Creating a level playing field
The German export promotion schemes are integrated into in a tight network of international rules and agreements.
Since 1978, the OECD-Consensus, which is binding on all OECD countries, has set uniform minimum standards for export credits supported by a state export credit agency or financed from public funds. The objective is to ensure that competition is driven by the price and quality of the export products and not by the scope and conditions of state support.
The Consensus covers all state-supported export credits with a minimum repayment term of two years. It does not apply to exports of military equipment and agricultural produce.
It defines minimum requirements for credit periods, repayment profiles, down-payments, the inclusion of local costs as well as premiums and minimum interest rates for cover of political and commercial risks. The country risk classifications in the OECD are also harmonised.
Besides, the OECD Consensus defines the demarcation line between commercial export credits and trade-related development aid loans. Certain types of goods are governed by so-called Sector Understandings, which stipulate differing minimum requirements:
Overview of the minimum requirements
The permissible terms of payment for credit periods of up to 5 years are also determined by the decision-making practice of the Interministerial Committee for Export Credit Guarantees and the guidelines of the Berne Union, the world’s largest association of private and state export credit and investment insurers from OECD and non-OECD countries; here the type of goods and the export value are decisive.
In addition, officially supported export credits in EU countries are governed by the decisions of the EU. In order to prevent distortions of competition with the private market, the European state export credit agencies are not allowed to grant short-term cover for exports to other EU member states and the core countries of the OECD. Every few years the EU reviews and updates its definition of marketable and non-marketable short-term risks.
Governance and sustainability issues are the focal point of international cooperation. On OECD level the state export credit agencies therefore agreed on uniform procedures, which go beyond laying down financing conditions:
- Common Approaches for environmental and social due diligence in connection with officially supported export credits
- The Recommendation on Bribery and Officially Supported Export Credits establishes the framework for preventing and combating corruption.
- Sustainable Lending: In the past, many low-income countries benefited from a debt relief through one of the multilateral initiatives. For the Heavily Indebted Poor Countries (HIPC) these initiatives, in particular the activities at the G8 Summit at Cologne in 1999, were an important step. Since then, the International Monetary Fund (IMF) and the World Bank have sought to prevent renewed over-indebtedness and to promote sustainable development in these countries. The state export credit agencies in the OECD member states support the IMF and the World Bank in their efforts by means of introducing appropriate guidelines for the provision of export credits guaranties.

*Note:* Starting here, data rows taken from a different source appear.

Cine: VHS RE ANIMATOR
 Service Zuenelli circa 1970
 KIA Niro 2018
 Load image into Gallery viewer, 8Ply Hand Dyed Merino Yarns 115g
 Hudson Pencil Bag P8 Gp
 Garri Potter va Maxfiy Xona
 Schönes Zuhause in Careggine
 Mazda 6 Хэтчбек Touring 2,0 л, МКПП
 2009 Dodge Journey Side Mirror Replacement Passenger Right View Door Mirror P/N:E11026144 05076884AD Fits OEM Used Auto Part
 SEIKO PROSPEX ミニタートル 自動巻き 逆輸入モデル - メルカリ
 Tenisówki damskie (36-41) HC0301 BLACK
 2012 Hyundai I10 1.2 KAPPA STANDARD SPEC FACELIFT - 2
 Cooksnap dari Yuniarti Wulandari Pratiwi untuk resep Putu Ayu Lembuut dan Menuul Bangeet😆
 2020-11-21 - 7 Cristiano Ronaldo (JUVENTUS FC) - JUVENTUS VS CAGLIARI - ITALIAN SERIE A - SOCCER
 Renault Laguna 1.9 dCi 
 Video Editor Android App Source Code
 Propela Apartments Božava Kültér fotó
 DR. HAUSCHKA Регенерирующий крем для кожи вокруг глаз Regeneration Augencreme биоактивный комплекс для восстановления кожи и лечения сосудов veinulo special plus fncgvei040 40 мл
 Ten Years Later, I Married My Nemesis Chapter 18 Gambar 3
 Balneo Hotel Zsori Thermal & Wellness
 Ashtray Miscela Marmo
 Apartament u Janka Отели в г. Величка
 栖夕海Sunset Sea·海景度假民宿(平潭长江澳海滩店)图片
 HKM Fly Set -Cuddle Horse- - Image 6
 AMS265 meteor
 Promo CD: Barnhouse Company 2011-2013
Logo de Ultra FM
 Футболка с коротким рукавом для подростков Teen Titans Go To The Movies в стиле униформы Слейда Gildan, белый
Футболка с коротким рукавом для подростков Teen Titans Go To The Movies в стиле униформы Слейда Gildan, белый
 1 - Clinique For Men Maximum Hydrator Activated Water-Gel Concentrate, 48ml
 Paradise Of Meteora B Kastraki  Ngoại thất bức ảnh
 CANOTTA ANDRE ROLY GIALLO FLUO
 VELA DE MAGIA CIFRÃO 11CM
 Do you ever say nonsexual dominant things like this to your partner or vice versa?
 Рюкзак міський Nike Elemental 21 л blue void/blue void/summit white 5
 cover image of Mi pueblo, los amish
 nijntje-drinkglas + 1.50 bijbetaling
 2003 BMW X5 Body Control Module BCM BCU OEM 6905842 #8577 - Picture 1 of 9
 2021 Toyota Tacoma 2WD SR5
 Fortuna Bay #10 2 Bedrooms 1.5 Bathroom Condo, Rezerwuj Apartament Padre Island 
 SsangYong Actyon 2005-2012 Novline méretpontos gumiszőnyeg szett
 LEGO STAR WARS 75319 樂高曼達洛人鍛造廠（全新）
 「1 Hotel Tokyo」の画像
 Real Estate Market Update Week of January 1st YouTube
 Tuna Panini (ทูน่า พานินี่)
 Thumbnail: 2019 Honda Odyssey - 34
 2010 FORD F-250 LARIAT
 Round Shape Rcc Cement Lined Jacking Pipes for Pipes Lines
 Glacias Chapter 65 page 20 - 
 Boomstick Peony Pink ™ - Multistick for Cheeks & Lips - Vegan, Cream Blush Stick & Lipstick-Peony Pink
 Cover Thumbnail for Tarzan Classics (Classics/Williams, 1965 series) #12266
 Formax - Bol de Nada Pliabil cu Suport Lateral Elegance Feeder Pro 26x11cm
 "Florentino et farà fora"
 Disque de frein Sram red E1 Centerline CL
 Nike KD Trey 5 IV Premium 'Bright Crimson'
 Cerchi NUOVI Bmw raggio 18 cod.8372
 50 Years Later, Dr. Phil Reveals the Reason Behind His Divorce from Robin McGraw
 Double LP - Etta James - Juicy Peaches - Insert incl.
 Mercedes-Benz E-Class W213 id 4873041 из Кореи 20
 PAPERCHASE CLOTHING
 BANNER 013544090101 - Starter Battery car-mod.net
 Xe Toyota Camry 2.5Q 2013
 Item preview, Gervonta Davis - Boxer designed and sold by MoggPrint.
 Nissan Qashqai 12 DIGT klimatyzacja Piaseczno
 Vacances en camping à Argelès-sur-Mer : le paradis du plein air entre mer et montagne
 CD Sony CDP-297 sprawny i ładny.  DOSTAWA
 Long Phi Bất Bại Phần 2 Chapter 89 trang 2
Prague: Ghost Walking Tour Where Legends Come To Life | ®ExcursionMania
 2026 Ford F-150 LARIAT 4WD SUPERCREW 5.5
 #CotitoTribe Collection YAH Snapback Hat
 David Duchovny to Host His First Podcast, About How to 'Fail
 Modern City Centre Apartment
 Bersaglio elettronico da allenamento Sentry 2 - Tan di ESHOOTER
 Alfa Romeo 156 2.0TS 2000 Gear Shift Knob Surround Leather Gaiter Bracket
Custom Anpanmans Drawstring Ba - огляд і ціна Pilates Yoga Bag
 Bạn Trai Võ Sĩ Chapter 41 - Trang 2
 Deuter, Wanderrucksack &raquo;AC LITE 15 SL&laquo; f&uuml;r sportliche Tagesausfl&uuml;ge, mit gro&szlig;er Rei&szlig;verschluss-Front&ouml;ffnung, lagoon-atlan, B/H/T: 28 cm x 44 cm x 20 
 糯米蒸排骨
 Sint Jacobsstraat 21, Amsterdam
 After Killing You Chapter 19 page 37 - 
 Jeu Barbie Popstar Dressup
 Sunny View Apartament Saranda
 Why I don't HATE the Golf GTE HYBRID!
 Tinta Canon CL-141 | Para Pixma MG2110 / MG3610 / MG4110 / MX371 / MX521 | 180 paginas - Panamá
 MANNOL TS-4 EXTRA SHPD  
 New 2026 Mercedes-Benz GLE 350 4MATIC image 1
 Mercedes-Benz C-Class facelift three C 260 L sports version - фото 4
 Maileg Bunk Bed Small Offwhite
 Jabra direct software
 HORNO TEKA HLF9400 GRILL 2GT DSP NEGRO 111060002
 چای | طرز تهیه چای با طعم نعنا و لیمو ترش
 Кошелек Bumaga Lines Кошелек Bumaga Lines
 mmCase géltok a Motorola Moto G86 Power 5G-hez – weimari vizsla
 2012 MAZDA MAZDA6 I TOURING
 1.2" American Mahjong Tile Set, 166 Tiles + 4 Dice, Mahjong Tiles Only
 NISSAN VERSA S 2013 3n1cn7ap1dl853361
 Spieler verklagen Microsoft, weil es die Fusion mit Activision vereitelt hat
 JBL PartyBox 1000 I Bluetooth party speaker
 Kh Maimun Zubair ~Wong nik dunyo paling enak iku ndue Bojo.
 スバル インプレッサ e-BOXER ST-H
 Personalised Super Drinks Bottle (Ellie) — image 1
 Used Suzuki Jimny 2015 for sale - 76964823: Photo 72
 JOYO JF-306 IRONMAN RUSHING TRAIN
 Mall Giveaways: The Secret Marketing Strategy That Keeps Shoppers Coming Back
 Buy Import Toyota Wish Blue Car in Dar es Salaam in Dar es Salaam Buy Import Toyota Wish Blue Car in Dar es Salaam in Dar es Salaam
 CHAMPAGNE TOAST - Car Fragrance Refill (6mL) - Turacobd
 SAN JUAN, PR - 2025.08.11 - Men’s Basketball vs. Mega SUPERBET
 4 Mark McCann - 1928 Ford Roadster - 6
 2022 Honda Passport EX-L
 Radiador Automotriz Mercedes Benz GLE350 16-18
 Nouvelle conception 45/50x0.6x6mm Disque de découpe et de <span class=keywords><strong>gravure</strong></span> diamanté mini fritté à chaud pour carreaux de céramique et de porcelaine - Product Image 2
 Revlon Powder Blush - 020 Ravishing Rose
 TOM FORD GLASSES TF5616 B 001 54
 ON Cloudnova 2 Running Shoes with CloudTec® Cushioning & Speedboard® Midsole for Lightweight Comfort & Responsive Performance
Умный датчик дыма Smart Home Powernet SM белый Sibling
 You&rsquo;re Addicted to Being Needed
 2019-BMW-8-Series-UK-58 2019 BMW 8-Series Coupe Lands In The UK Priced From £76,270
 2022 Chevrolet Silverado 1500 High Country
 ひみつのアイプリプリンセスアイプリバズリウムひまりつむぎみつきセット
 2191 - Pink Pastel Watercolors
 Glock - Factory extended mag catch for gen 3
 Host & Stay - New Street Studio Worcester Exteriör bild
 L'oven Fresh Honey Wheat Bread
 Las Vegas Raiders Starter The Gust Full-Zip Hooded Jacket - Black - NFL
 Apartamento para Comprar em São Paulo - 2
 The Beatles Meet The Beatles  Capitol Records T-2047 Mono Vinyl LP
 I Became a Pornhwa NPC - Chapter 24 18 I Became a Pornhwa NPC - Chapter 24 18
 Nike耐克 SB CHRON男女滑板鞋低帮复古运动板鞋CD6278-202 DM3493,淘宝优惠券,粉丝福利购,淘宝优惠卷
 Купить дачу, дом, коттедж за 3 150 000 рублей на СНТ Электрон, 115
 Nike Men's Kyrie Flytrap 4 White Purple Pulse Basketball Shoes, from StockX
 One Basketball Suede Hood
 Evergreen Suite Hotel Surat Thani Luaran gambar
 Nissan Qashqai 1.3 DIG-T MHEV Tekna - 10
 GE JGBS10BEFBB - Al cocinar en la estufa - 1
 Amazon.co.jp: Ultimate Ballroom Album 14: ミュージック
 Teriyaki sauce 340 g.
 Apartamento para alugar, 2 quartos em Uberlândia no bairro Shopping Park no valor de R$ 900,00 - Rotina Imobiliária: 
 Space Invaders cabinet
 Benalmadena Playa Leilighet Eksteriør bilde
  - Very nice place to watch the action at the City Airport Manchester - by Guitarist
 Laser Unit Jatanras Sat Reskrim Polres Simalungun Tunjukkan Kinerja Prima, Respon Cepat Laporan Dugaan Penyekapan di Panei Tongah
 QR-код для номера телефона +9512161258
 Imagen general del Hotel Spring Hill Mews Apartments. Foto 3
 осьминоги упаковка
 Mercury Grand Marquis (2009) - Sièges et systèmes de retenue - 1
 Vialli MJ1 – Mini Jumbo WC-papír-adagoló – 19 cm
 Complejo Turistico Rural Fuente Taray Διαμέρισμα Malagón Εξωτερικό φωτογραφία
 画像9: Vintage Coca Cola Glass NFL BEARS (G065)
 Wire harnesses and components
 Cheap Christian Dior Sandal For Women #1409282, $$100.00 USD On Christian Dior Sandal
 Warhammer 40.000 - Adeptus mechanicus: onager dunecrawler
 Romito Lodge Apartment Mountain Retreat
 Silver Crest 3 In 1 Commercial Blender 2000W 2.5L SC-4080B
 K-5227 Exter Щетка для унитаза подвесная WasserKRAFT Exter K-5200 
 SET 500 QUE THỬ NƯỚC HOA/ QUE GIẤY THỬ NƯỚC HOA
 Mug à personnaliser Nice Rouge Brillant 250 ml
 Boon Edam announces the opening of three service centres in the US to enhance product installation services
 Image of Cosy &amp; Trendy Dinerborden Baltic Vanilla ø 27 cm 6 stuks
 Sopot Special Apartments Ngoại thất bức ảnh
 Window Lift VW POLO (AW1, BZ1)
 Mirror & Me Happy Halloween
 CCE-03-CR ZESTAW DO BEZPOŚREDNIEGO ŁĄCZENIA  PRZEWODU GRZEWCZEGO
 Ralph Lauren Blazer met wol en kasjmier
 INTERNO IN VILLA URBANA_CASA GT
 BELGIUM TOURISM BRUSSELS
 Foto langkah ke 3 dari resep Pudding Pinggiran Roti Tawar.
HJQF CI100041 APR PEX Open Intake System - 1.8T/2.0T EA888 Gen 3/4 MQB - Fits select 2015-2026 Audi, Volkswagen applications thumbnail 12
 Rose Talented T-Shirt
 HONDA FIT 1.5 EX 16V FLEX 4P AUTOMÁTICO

International Working Group
These days German exporters increasingly compete with companies from countries such as Brazil, Russia, India, China or South Africa, which are not bound by the rules and regulations of the OECD. In order to restore a level playing field for all market participants worldwide, an International Working Group (IWG) was set up in 2012, whose members include, in addition to the EU, all other OECD countries as well as, among others, Brazil, China, India, Malaysia, Russia and South Africa. The objective of the IWG is to develop new global standards for officially supported export credits. We regularly report on any concrete progress made in our Annual Report.
Cooperation – reinsurance/coinsurance
German exporters are faced with intensified global competition and try to improve their position by means of relying more and more on international procurement, production and distribution structures. In particular capital goods transactions increasingly involve several exporters from different countries. This international division of labour has resulted in an increased demand for the inclusion of foreign goods and services and/or supplies from foreign subcontractors in Hermes Cover.
Normally, foreign content can be included in an export credit guarantee issued by the Federal Government without problem provided that certain limits are not exceeded. Nevertheless, in connection with multi-sourcing projects with elevated portions of foreign supplies, it may be necessary to consider also other options for the inclusion of foreign content. Depending on the contractual terms and conditions of the respective export contract, the mandatary of the Federal Government will chose the appropriate, customised insurance model (coinsurance or reinsurance). When it comes to covering multi-sourcing projects reinsurance plays a particularly important role.
Overview over the cooperation models
The Federal Government offers exporters the possibility to make an initial inquiry in order to find out whether the granting of Hermes Cover will be possible even if the share of foreign content exceeds 49%. For this, the exporter can – before filing the proper application for cover – submit an informal project outline, which should basically provide a description of the project, the planned supply structure and an explanation as to why the high portion of foreign content is necessary and how important the project is for him and his German plants. After examining the documents submitted, the Federal Government informs the exporter with a non-binding letter indicating whether and up to what amount foreign content will permissible for the transaction in question. The examination of the initial inquiry is free of charge and not a mandatory step in the application procedure.